→ **Image-caption web data**:
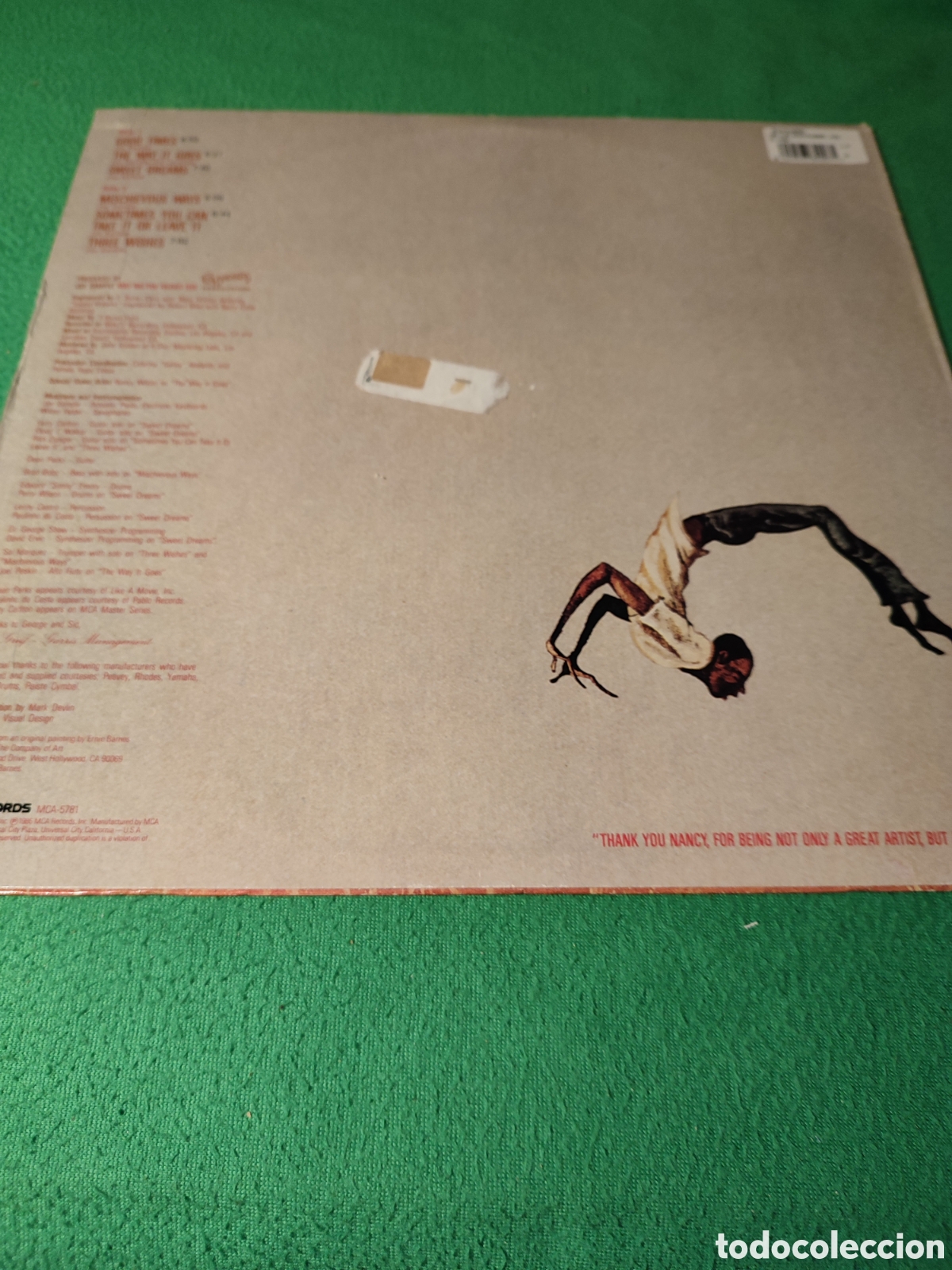 Discos de vinilo: Crusaders - The Good and bad times - Foto 2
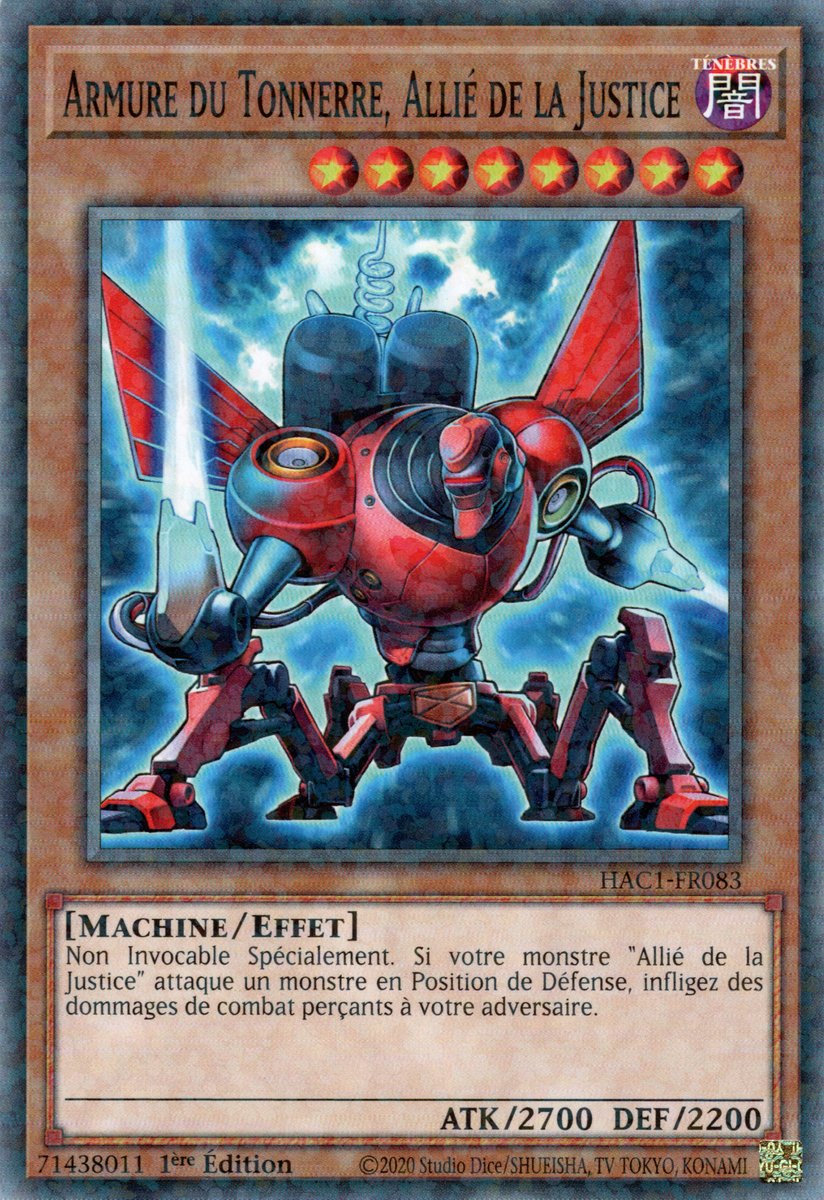Duel Terminal Normal Parallel Rare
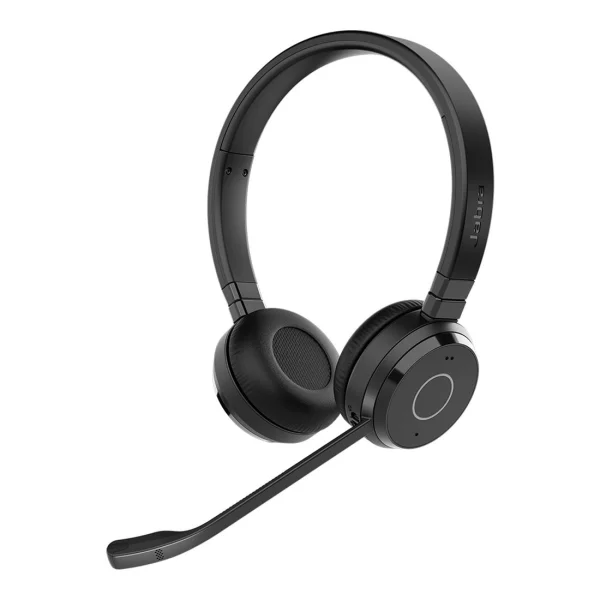 Jabra 6699-833-309Evolve 65 TE Link390a Teams Stereo Bluetooth Headset, 16-hour battery life Jabra 6699-833-309 Evolve 65 TE Link390a Teams Stereo Bluetooth Headset, 16-hour battery life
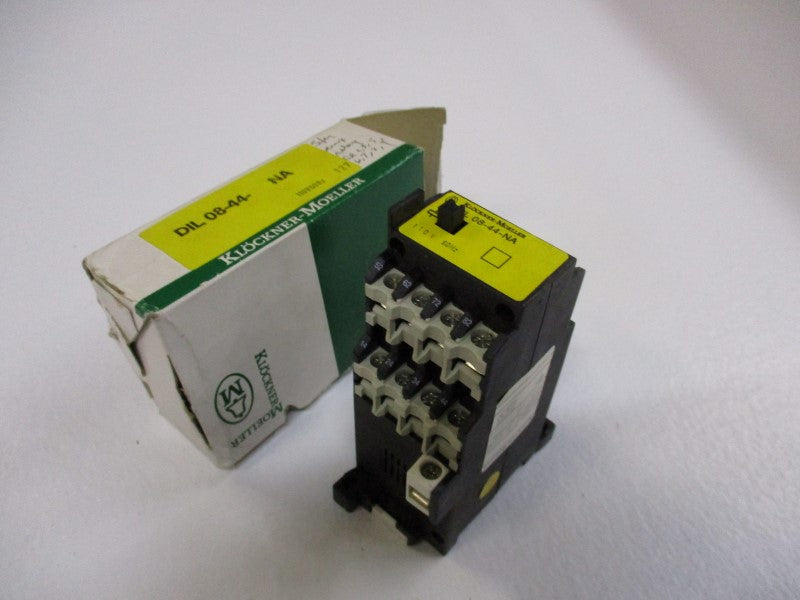 KLOCKNER MOELLER DIL08-44-NA 110V (AS PICTURED) NSMP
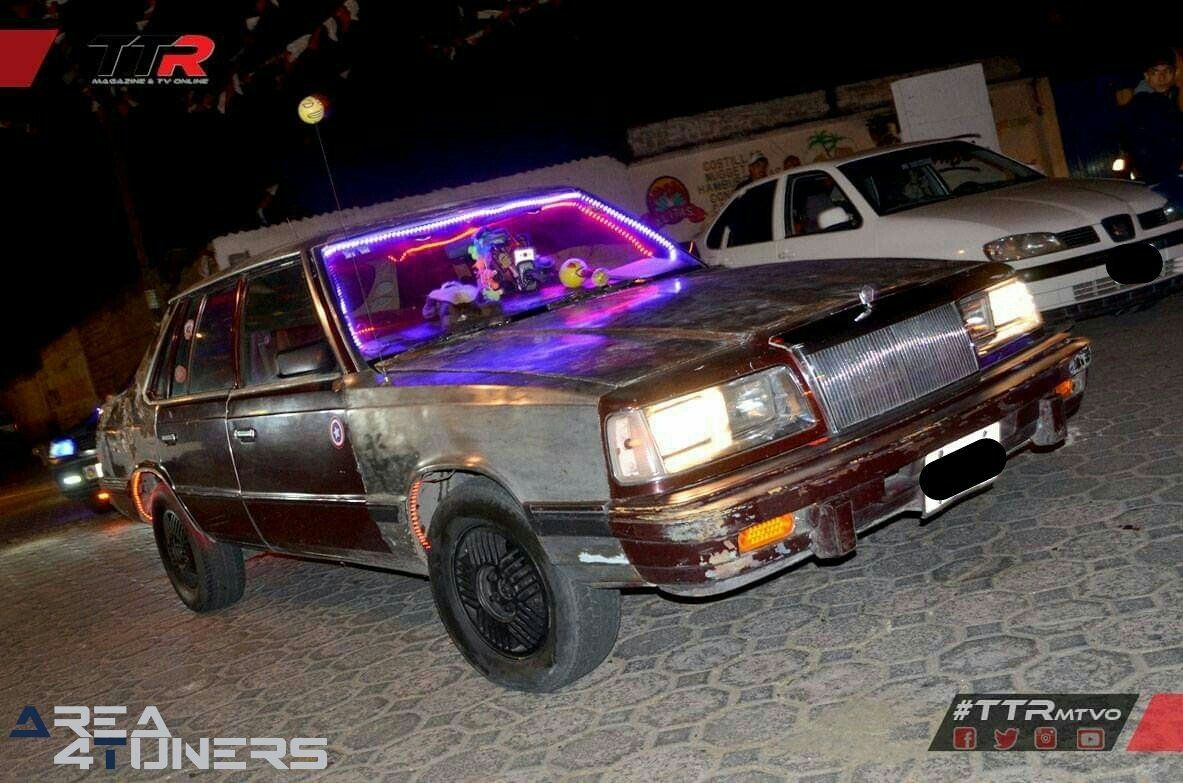 2ª Exhibición Tuning Santo Tomás De La Concordia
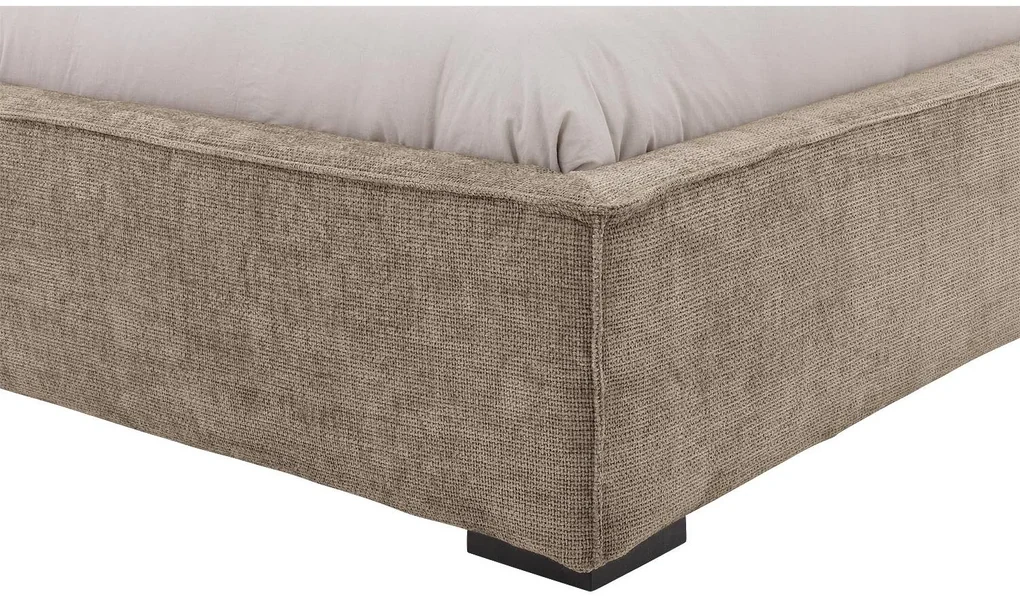 Goossens Bedframe Trentino, 160 x 200 cm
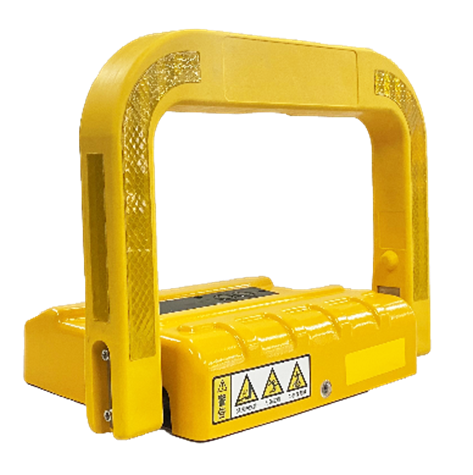 AUTO STAND　本体端末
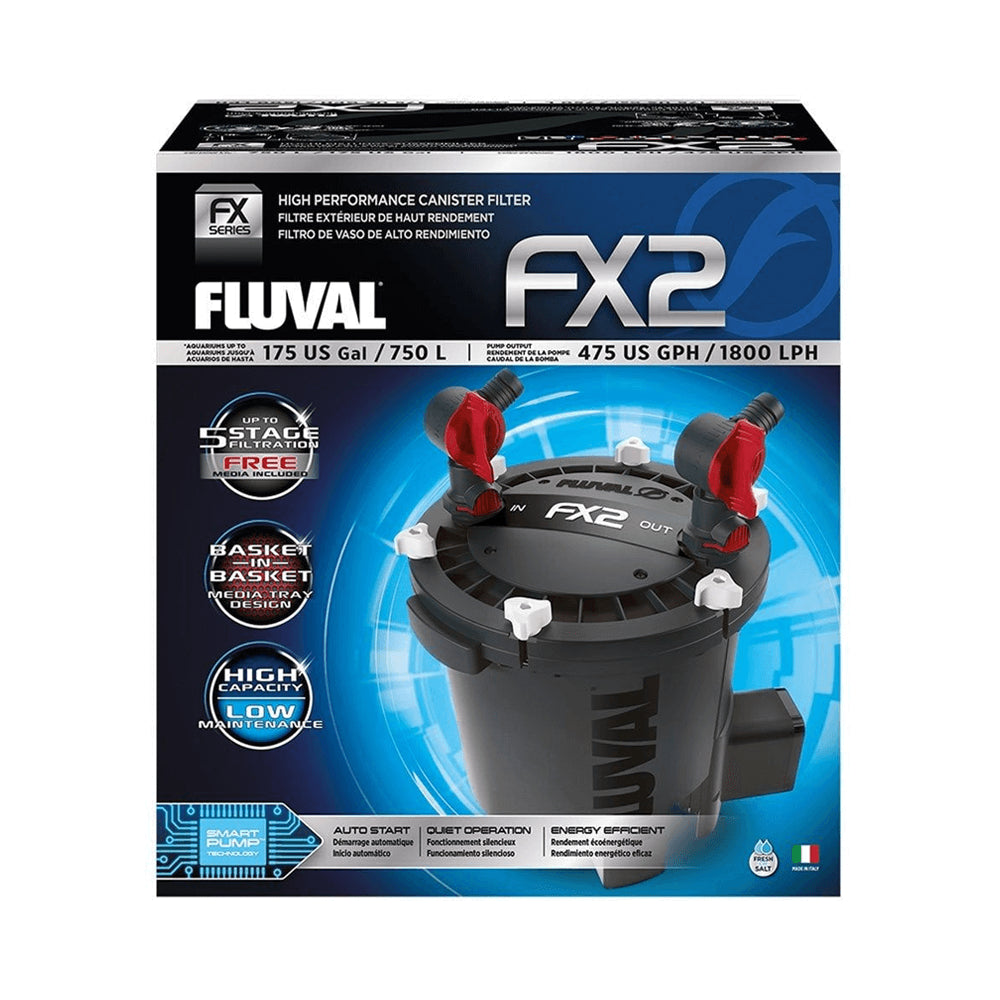 Fluval FX External Filters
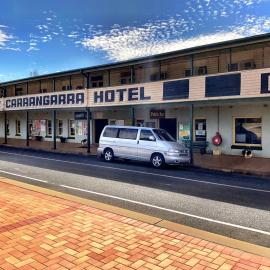 Royal Carrangarra Hotel, hotel en Tambo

→ **REQUIREMENT**: An exact copy is required of the lines from the start of the records above through the line with "Jabra 6699-833-309Evolve 65", and only those, without any pictures.

→ **TASK ANSWER**:
 Discos de vinilo: Crusaders - The Good and bad times - Foto 2
Duel Terminal Normal Parallel Rare
 Jabra 6699-833-309Evolve 65 TE Link390a Teams Stereo Bluetooth Headset, 16-hour battery life Jabra 6699-833-309 Evolve 65 TE Link390a Teams Stereo Bluetooth Headset, 16-hour battery life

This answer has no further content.